Wikipedia Parsing Tools - roeiba/WikiRep GitHub Wiki

List of tools, which can be used to parse wikipedia

Used tools

Wiki markup parser [MWParserFromHell] (https://github.com/earwig/mwparserfromhell)

Wikipedia resources

[Online retrieve xml page] (http://en.wikipedia.org/wiki/Help:Export)
[Wikipedia database download] (http://en.wikipedia.org/wiki/Wikipedia:Database_download)

Wikipedia Extractor : [Online demo] (https://zvulon.pythonanywhere.com/wiki_xml_view?title=Knowledge)

The project uses the Italian Wikipedia as source of documents for several purposes: as training data and as source of data to be annotated.

The Wikipedia maintainers provide, each month, an XML dump of all documents in the database: it consists of a single XML file containing the whole encyclopedia, that can be used for various kinds of analysis, such as statistics, service lists, etc.

The Wikipedia extractor tool generates plain text from a Wikipedia database dump, discarding any other information or annotation present in Wikipedia pages, such as images, tables, references and lists.

[Pywikipediabot] (http://www.mediawiki.org/wiki/Manual:Pywikipediabot)

The Python Wikipedia Robot Framework is a collection of tools made to fit the maintenance need on Wikipedia, but it can also be used on other MediaWiki sites.
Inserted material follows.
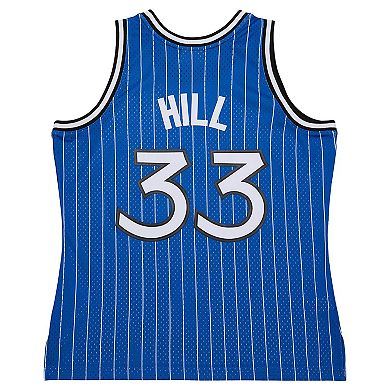 Men's Mitchell & Ness Grant Hill Blue Orlando Magic 2004/05 Hardwood Classics Swingman Jersey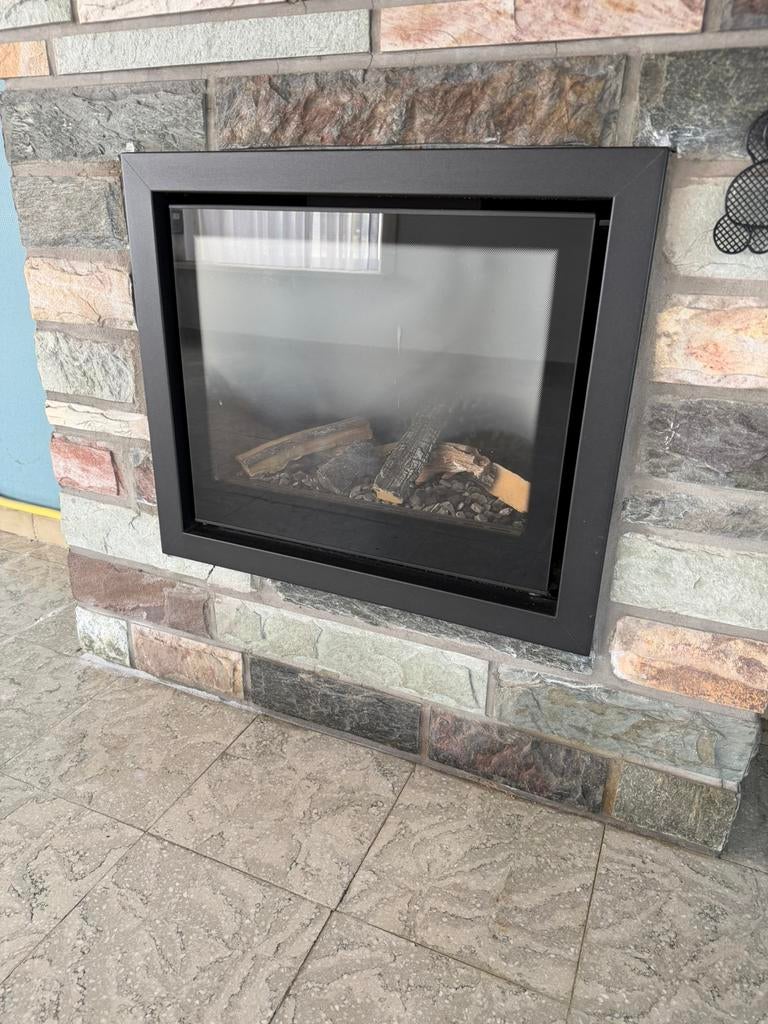 Gashaard, Maison & Meubles, Cheminées, Enlèvement, Utilisé, Encastré, Cheminée au gaz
Originally designed for Wikipedia, it is now used throughout the Wikimedia Foundation's projects and on many other MediaWiki wikis.

Resorces

There is a trunk release that supports older mediawiki software. There is the rewrite branch of the Python Wikipedia Robot Framework. It features several improvements, such as full API usage and a pythonic package layout

[WikiPrep] (http://www.cs.technion.ac.il/~gabr/resources/code/wikiprep/)
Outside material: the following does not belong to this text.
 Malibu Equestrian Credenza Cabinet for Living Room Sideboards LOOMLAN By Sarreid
Wikipedia is a terrific knowledge resource, and many recent studies in artificial intelligence, information retrieval and related fields used Wikipedia to endow computers with (some) human knowledge. Wikipedia dumps are publicly available in XML format, but they have a few shortcomings. First, they contain a lot of information that is often not used when Wikipedia texts are used as knowledge (e.g., ids of users who changed each article, timestamps of article modifications). On the other hand, the XML dumps do not contain a lot of useful information that could be inferred from the dump, such as link tables, category hierarchy, resolution of redirection links etc.

In the course of my Ph.D. work, I developed a fairly extensive preprocessor of the standard Wikipedia XML dump into my own extended XML format, which eliminates some information and adds other useful information.